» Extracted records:

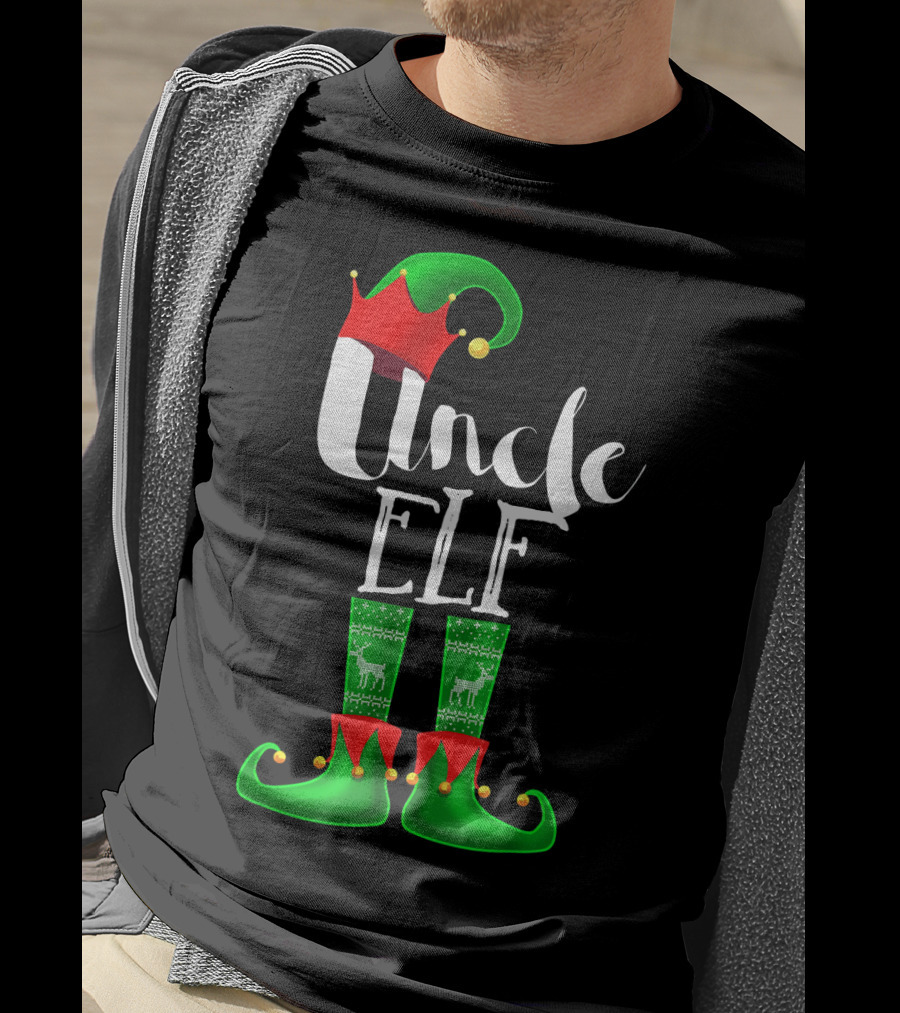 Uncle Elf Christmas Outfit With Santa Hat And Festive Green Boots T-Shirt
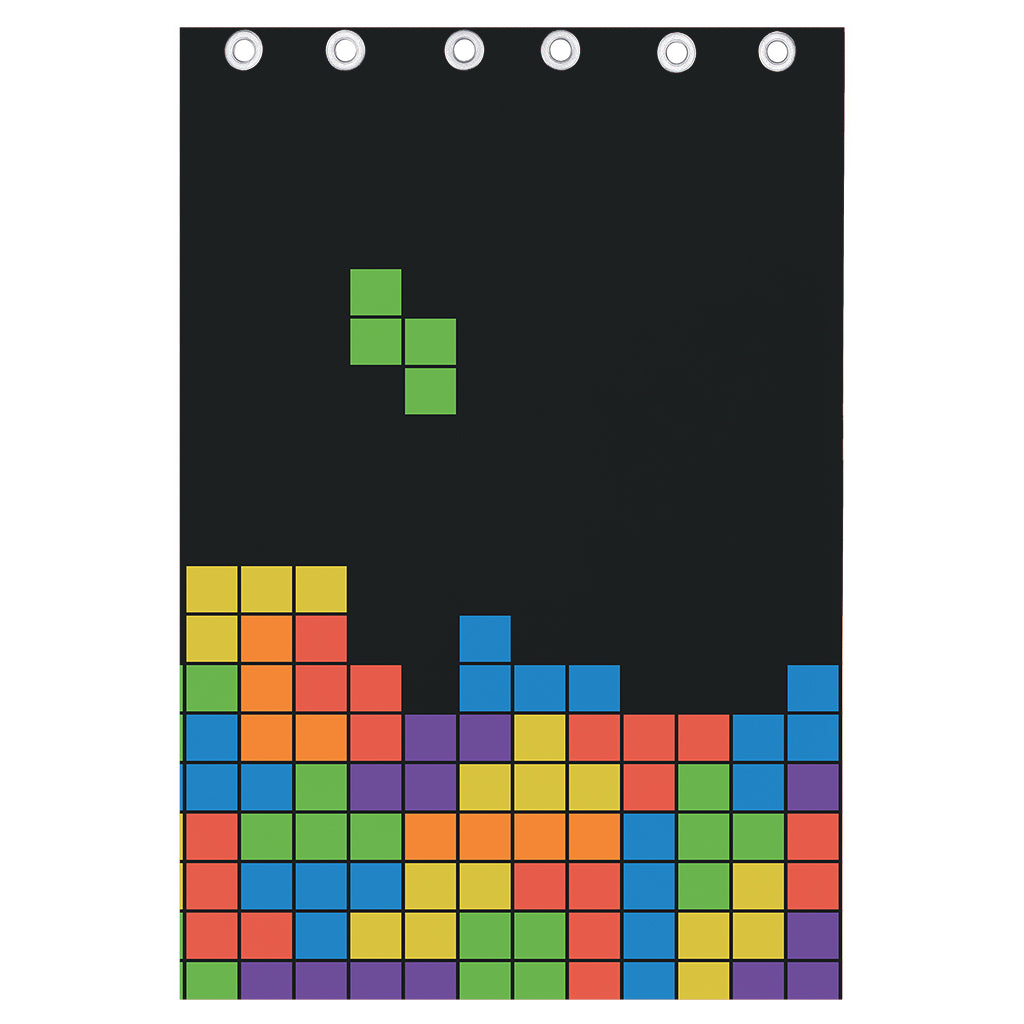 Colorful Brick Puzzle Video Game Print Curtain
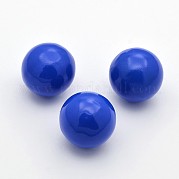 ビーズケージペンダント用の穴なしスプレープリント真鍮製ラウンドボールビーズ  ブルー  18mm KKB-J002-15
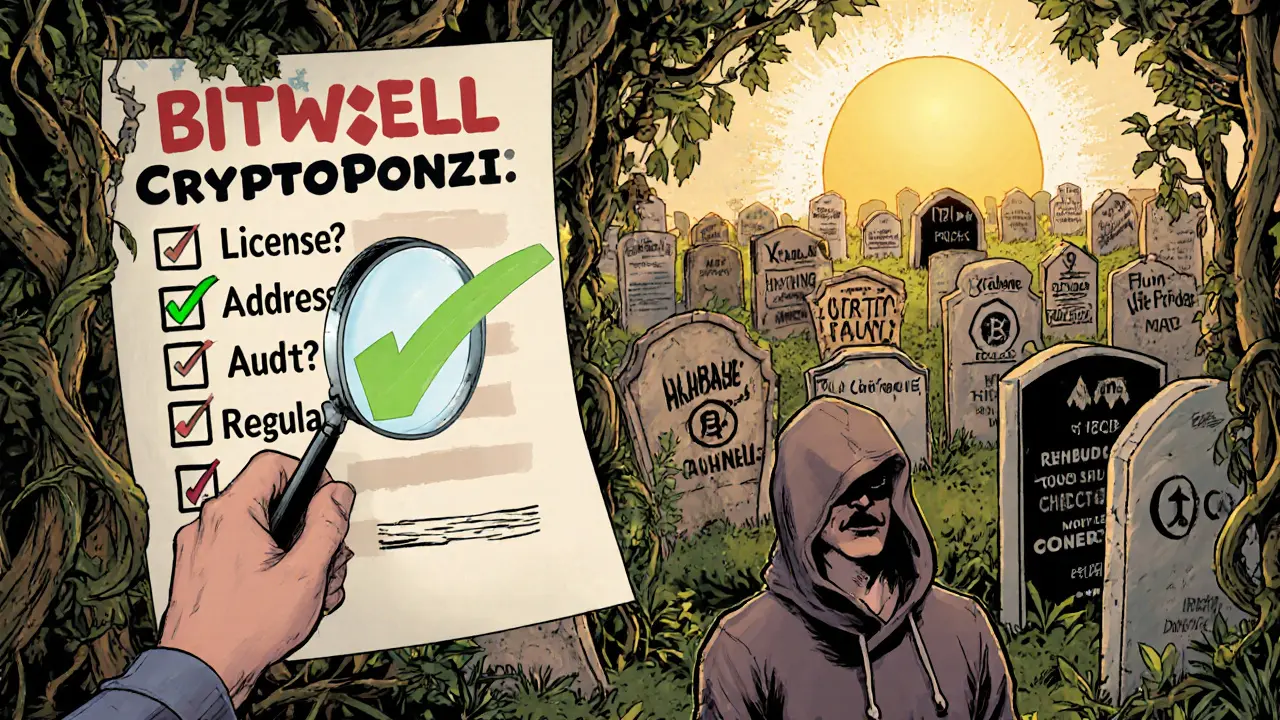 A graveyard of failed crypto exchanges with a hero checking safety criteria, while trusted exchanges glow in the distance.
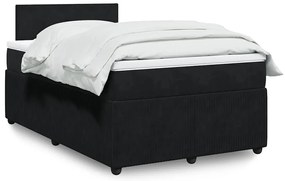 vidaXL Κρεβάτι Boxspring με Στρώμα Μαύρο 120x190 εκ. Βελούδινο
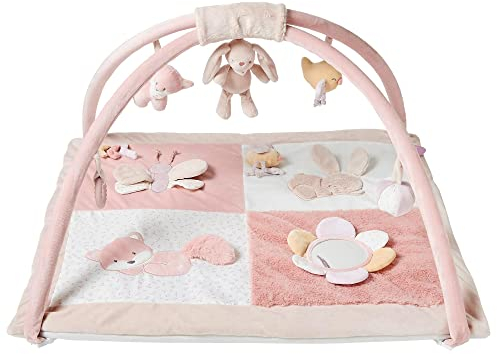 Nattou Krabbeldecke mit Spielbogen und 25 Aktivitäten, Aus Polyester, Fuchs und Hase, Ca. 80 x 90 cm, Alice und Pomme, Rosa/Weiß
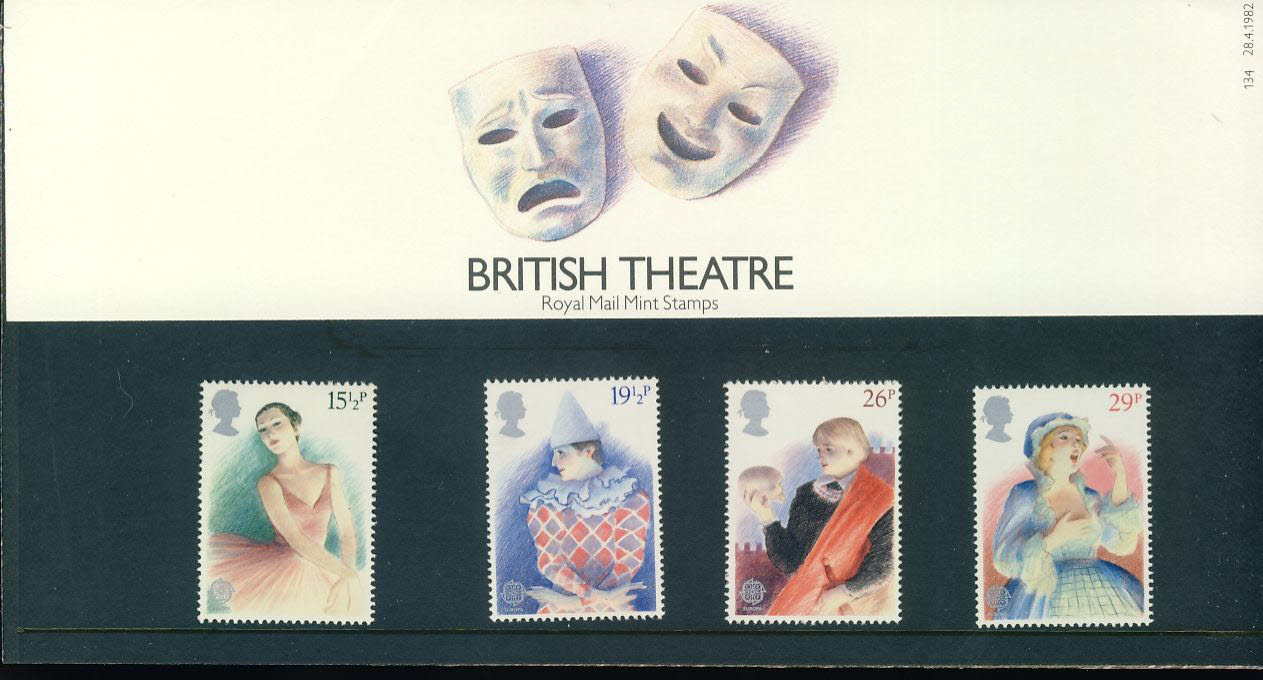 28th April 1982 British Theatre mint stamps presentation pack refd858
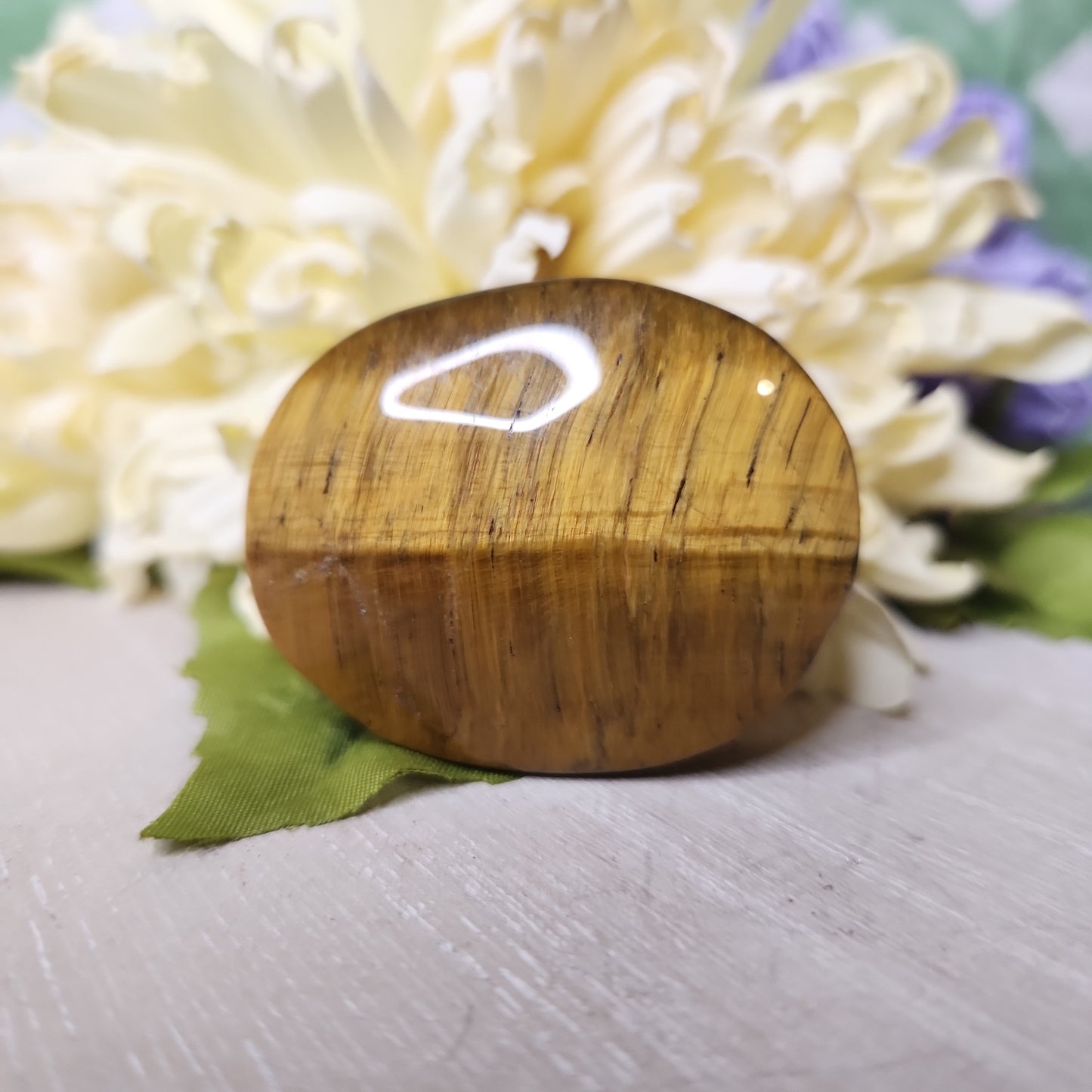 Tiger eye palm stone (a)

» What the exercise asks: Copy each entry above exactly; drop the pictures.

» Result:
 Uncle Elf Christmas Outfit With Santa Hat And Festive Green Boots T-Shirt
 Colorful Brick Puzzle Video Game Print Curtain
 ビーズケージペンダント用の穴なしスプレープリント真鍮製ラウンドボールビーズ  ブルー  18mm KKB-J002-15
 A graveyard of failed crypto exchanges with a hero checking safety criteria, while trusted exchanges glow in the distance.
 vidaXL Κρεβάτι Boxspring με Στρώμα Μαύρο 120x190 εκ. Βελούδινο
 Nattou Krabbeldecke mit Spielbogen und 25 Aktivitäten, Aus Polyester, Fuchs und Hase, Ca. 80 x 90 cm, Alice und Pomme, Rosa/Weiß
 28th April 1982 British Theatre mint stamps presentation pack refd858
 Tiger eye palm stone (a)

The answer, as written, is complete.